Flowchart showing the relationship between a short seller, broker and the market.
Connie Hanzhang Jin/NPR

So what can go wrong?

A lot. Markets are often unpredictable, and short sellers can wind up on the wrong side of their bets.

When a share starts gaining, instead of falling, that's trouble for the short seller. Losses are theoretically infinite since there's no limit to how high a share price can go.

Of course, in reality, shares don't climb forever. But the higher they go, the bigger the loss the short seller sustains.

When that happens, short sellers are in a bind. They need to return the shares they borrowed from the lender. But now, they find themselves buying them back at a higher price, not a lower one. The bet has backfired. In markets, it's called the short squeeze.

How much the short seller loses depends on how much the shares gained since the short seller borrowed the stock.

Take Tesla. Some investors believe the electric-vehicle maker is overpriced, and many tried their hand at shorting the stock last year. It didn't go well for them. Financial data provider S3 Partners estimated Tesla short sellers lost a whopping $40.1 billion last year after the automaker surged more than 700 percent.

Illustrated diagram comparing an ideal and bad outcome for short sellers.
Connie Hanzhang Jin/NPR

So why short sell?

Short selling is a fairly common feature of markets. It's mostly done by hedge funds and other professional investors.

Some short-sale trades have entered market lore. George Soros, for example, famously shorted the British pound in the early 1990s, making a $1.5 billion profit in a single month, according to one estimate.

But companies obviously hate it when short sellers target them, and short sellers have often been accused of profiting from somebody else's misery.

That's not how short sellers see it, of course. They argue that short selling is an essential part of markets, wringing out inefficiencies and warning others about risky stocks.

There are examples of short sellers who have been proved right in cautioning about corporate wrongdoing or impending doom.
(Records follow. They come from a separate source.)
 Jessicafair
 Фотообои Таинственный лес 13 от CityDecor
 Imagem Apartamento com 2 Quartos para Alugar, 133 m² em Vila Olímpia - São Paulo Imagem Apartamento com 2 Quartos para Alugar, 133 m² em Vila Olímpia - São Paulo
Take the 2008 global financial crisis. In his book The Big Short, author Michael Lewis portrayed a cast of characters who warned of the impending housing crash.

Or most recently, there is the example of Wirecard, a once hot German financial technology company that was repeatedly accused of fraud, sparking strong denials from the company.

The short sellers were proved right. Last year, Wirecard collapsed after disclosing a massive accounting fraud.